Review is posted thanks to Kathy's efforts.


----------



## NJmom (Jun 19, 2007)

PC Girl,

Sorry I missed your previous posts.  I'm glad you had a nice time, and thank you for writing such a complete review.  

Wow!  $90 a week per chair!  As I need 4 chairs and at least 1 umbrella it looks like I'll have to make a Walmart run.  I liked the idea of not having to lug chairs, but not $360.00 ++ worth.

I'm happy to hear the construction wasn't too disruptive

Thanks again


----------



## bfree (Jun 20, 2007)

*marco charter club*

when you reserve charter club , a room, do you get the one that you own or can you get any floor you want.  since at present there is construction on the north building, can you get a different floor or view


----------



## pcgirl54 (Jun 20, 2007)

There is no construction at CC but at the Marriott next door and you do get the room on the RCI confirmation form.  I would think what you get depends whether you own flex or fixed time.
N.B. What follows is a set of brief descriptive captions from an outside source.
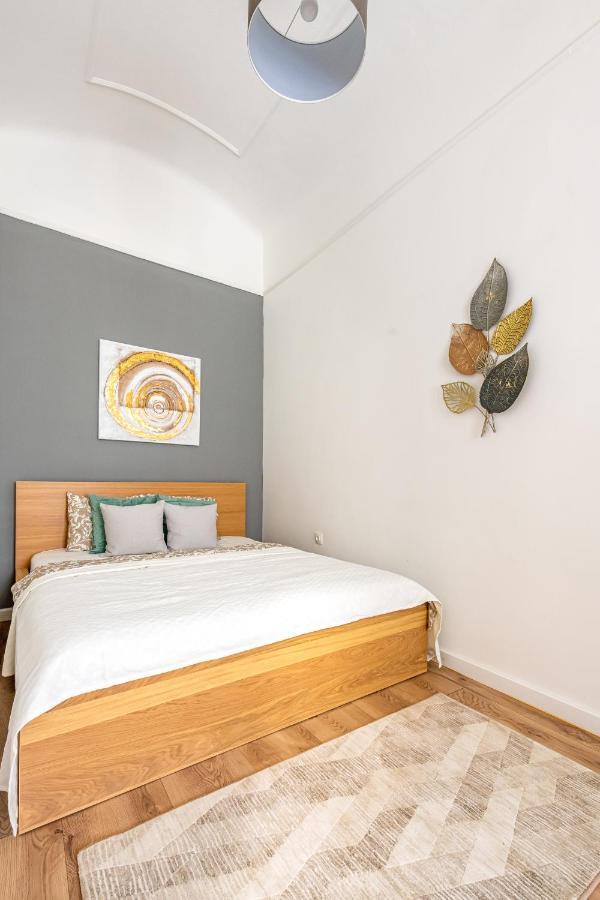 Deluxe Kazincy Apartment In The Heart Of ブダペスト エクステリア 写真
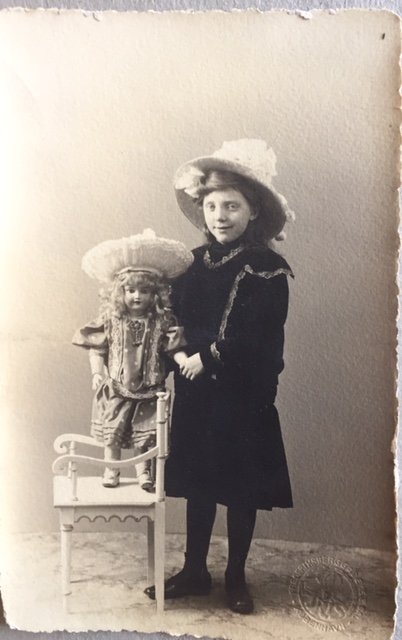 Pige med dukke 1909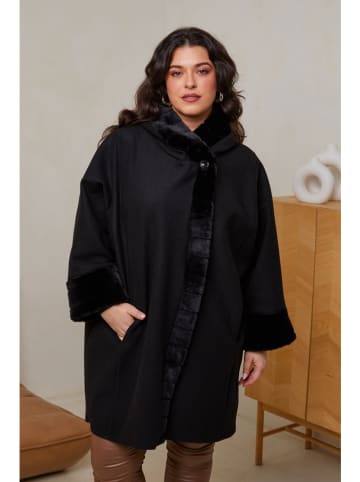 Curvy Lady Wintermantel zwart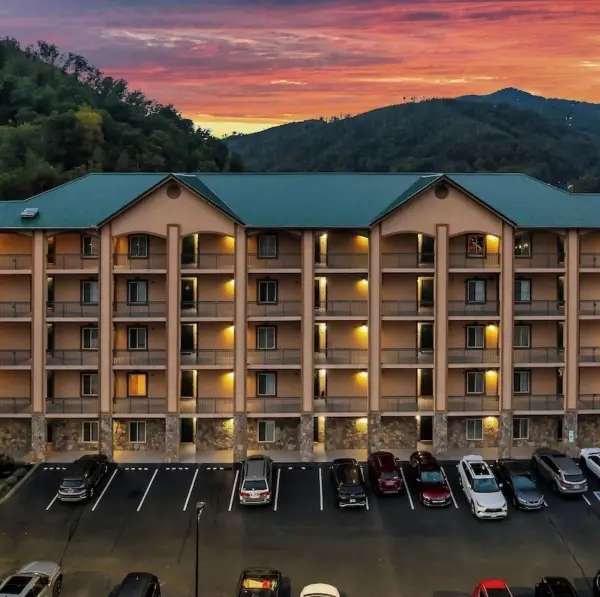120 Bon Air Dr #2072, Gatlinburg, TN 37738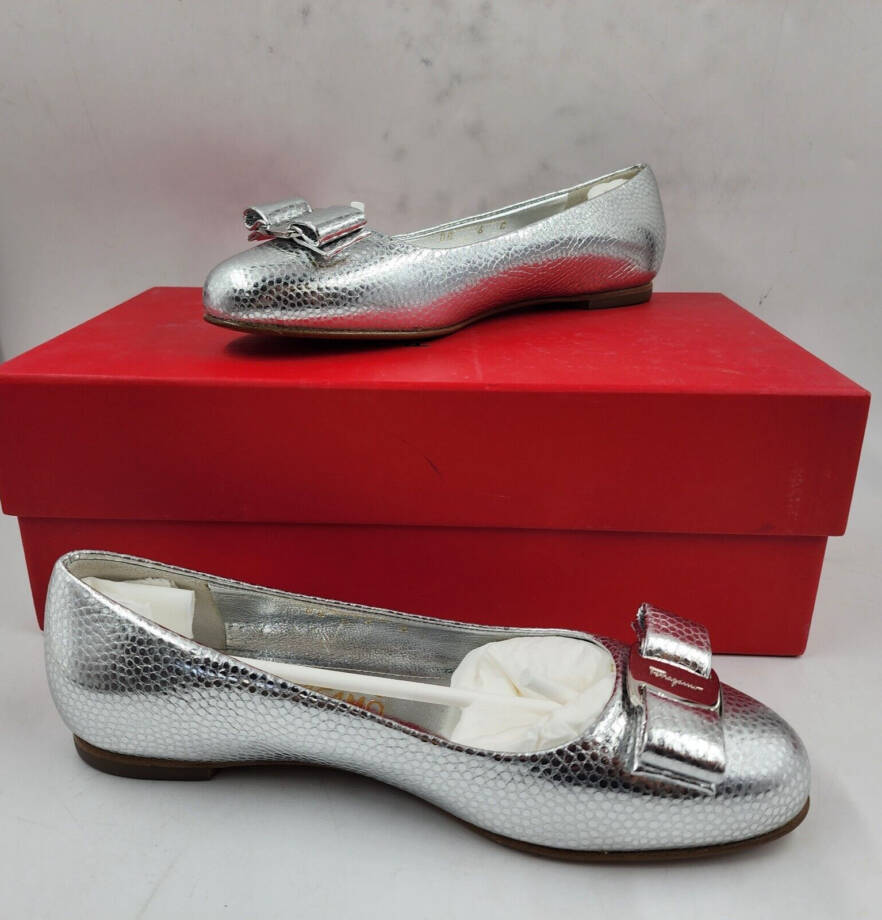 Ferragamo Varina Lizard Embossed Ballet Flats Women's 6 Silver Bow Top Slip On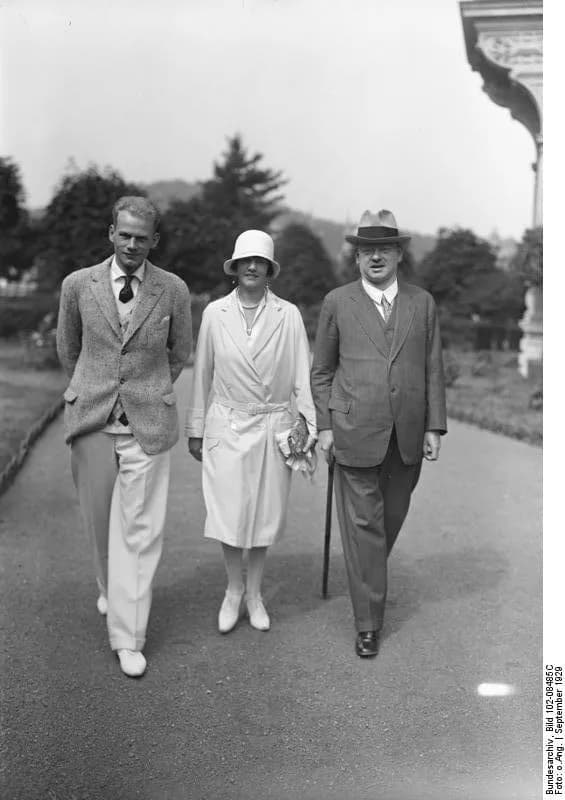Gustav Stresemann - For documentary purposes the German Federal Archive often retained the original image captions, which may be erroneous, biased, obsolete or politically extreme. Der deutsche Reichs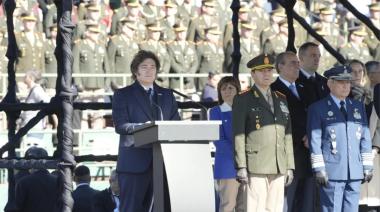 Día de la Bandera: Milei encabezó un acto militar en Palermo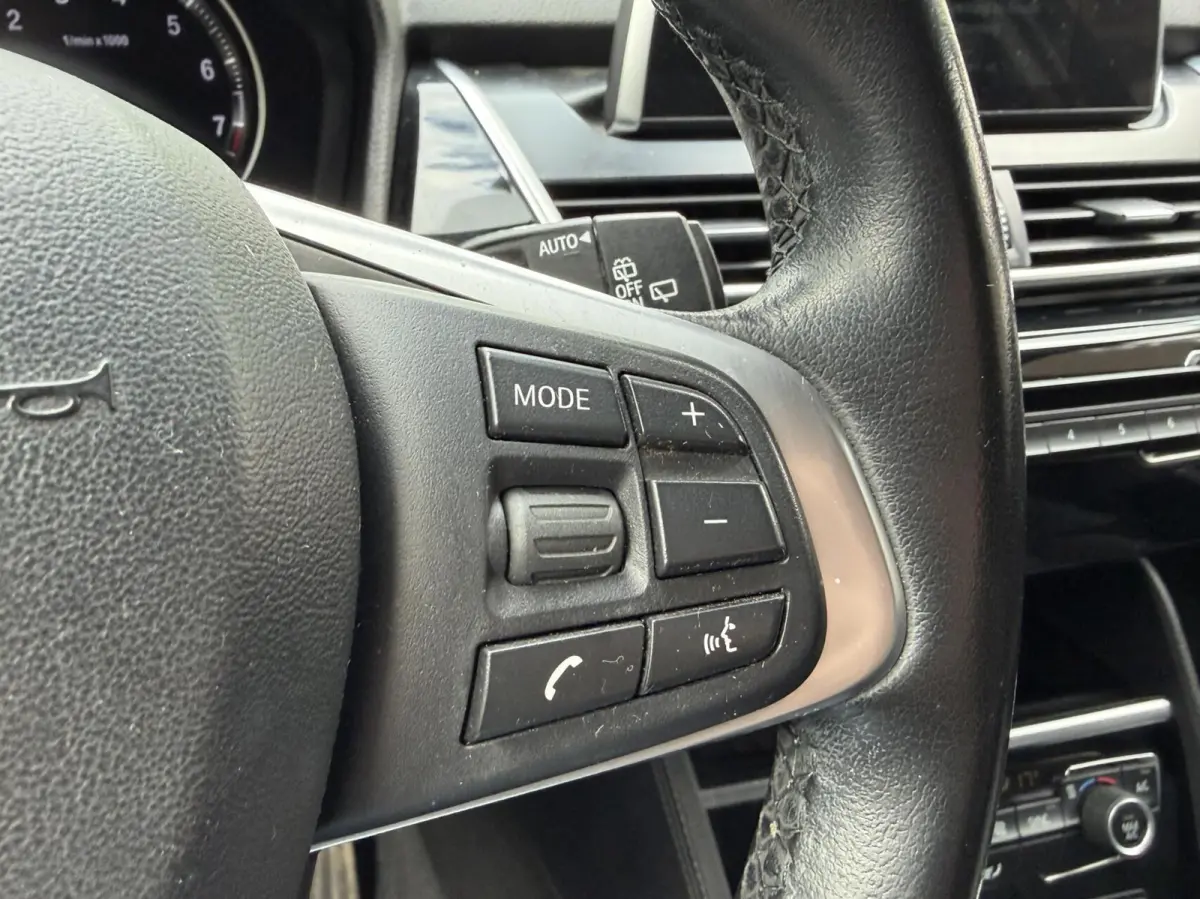 225xe iPerformance Climat, Bluetooth, Navi, LM..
We noticed little noise on the top floor and it really had no impact on our vacation. Since the workers are gone before nightfall it does not effect sleep. Bedrooms are quiet except for the ocean sounds that we love. 

Like Eagle's Nest the interiors are not fancy but nice and clean. Kitchen is medium size and well stocked,white cabinets and light green counters. I am going to post the pics later this week and that may help you.

All units at CC face the ocean and that is a big plus. Even the new Marriott won't have 100% OF units.


----------